Looks like a LoRA problem

DarkLight1337 avatar Apr 29 '25 16:04 DarkLight1337

are you using this lora model

jeejeelee avatar Apr 30 '25 03:04 jeejeelee

@jeejeelee Yes, this is the lora model I try to use along with this base model.

I've downloaded both locally.

aldettinger avatar Apr 30 '25 06:04 aldettinger

Hello @jeejeelee, I wonder if the issue could be reproduced on another machine than mine ?

aldettinger avatar May 09 '25 08:05 aldettinger

I can reproduce this issue and am working on a fix.

frreiss avatar May 21 '25 20:05 frreiss

Many thanks for stepping in @frreiss 👍

On my side, I was able to merge the lora + base model on another platform. From there, I'm now able to run the merged model on my CPU only machine with vllm in a docker image.

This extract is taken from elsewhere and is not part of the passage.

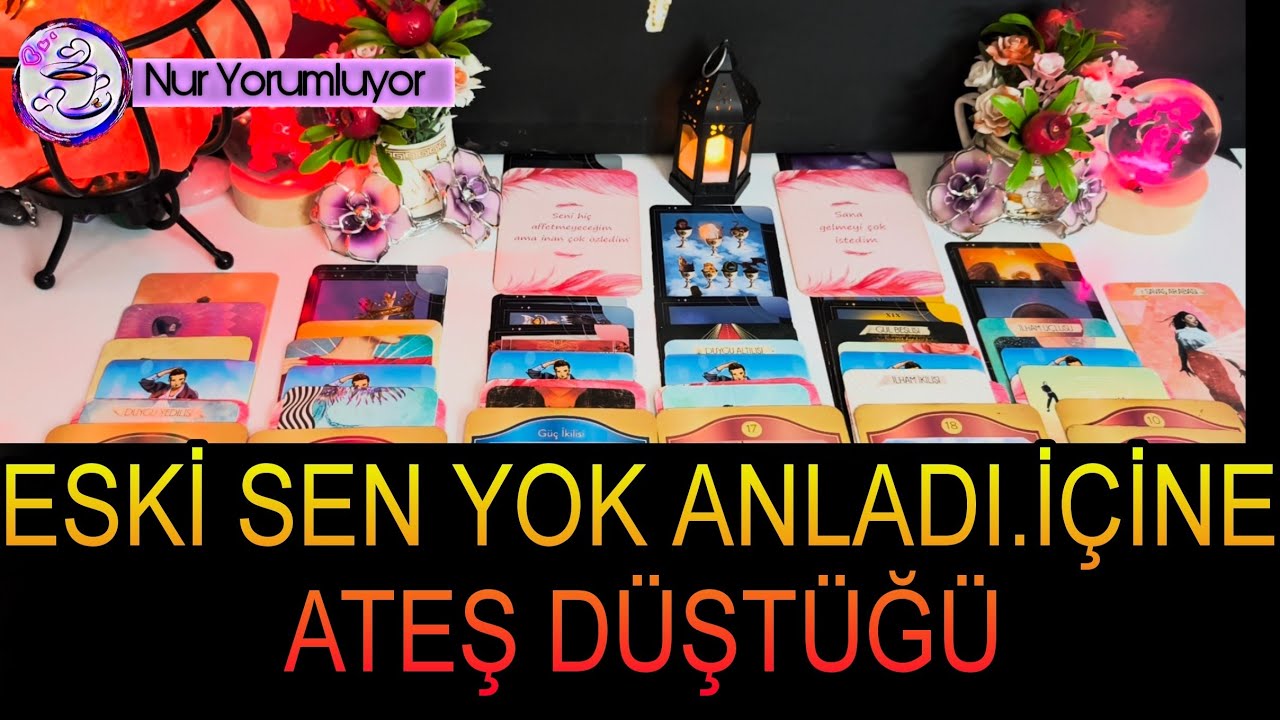 SENSİZ HAYATI NASIL ⁉️NE YAŞIYOR🔮 GERİ ÇEKİLMEN ONU NASIL ETKİLEDİ⁉️#tarot #keşfet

Please let me know in case you need a beta tester for the investigation or fix.

aldettinger avatar May 26 '25 07:05 aldettinger

@aldettinger Can you test if #18773 fix your issue?

jeejeelee avatar May 28 '25 01:05 jeejeelee

@jeejeelee Sure, looks ok.

aldettinger avatar May 28 '25 14:05 aldettinger